Skip to contents

This function will train a collection of models based upon the pattern of missingness. Each observation will be used in the model with most dependent variables available. For example, consider the following data.frame where `y` is the dependent variable, `x` represents an observed value, and `NA` indicates a missing value:

Usage

medley(
  formula,
  data,
  method = glm,
  var_sets = get_variable_sets(data = data, formula = formula, min_set_size =
    min_set_size),
  min_set_size = 0.1,
  exclusive_membership = TRUE,
  ...
)

# S3 method for class 'medley'
summary(object, ...)

# S3 method for class 'medley'
print(x, ...)

# S3 method for class 'medley'
predict(object, newdata, ...)

# S3 method for class 'medley'
fit(object, ...)

Arguments

formula

with all possible predictor varaibles to be considered.

data

data.frame used to estimate the models.

method

the function used to train the models (e.g. glm, randomForest).

var_sets

a list of formulas to use for the predictive models.

min_set_size

the minimum set size as a percentage to incldue as a model.

exclusive_membership

whether an observation should only be used only in the model for which the most predictor variables are available. If `FALSE` then observations may be used in training more than one model. This is experimental.

...

other parameters passed to the `fit()` function.

object

the results from `medley`.

x

the results of `medley`.

newdata

(optional) a new data.frame to get predictions for.

Value

an object with the following elements:

n_models

the number of models trained.

formulas

the list of formulas used to train the models.

models

list of objects returned from the training method.

data

the data.frame used to train the models.

model_observations

a data.frame that specifies which observations are used for which model(s).

a vector of predictions.

a vector of fitted values.

Details

“` ID Y Var1 Var2 Var3 1 x x x x 2 x x x NA 3 x x NA NA “`

We can train three different models:

* Model 1: Y ~ Var1 + Var2 + Var3 * Model 2: Y ~ Var1 + Var2 * Model 3: Y ~ Var1

When deciding what model each observation will be used in is determined by examining which model has the most dependent variables that row has values for. In the example above, row 1 would be used with model 1, row 2 would be used with model 2, and row 3 would be used with model 3.

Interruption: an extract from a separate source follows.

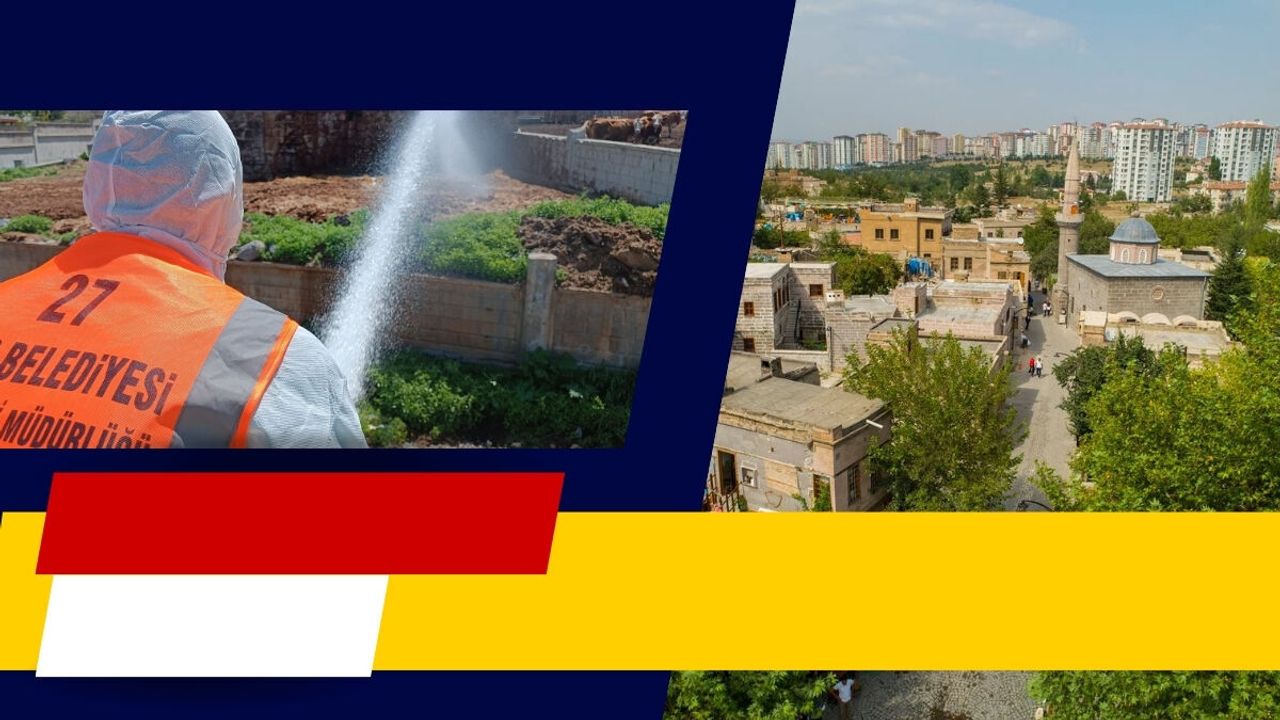 Talas Belediyesi yaz mesaisine bakın nasıl başladı?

If `exclusive_membership = FALSE` then row 1 would be used in all 3 models and row 2 would be used in models 2 and 3. I do recommend using this parameter with caution as model assumptions are not confirmed, especially independence.

Examples

formulas <- medley::get_variable_sets(daacs, retained ~ .)
medley_out <- medley(data = daacs, formula = retained ~ ., var_sets = formulas)
predicted_values <- predict(medley_out)
#> Warning: Predictions will be returned from the first model only.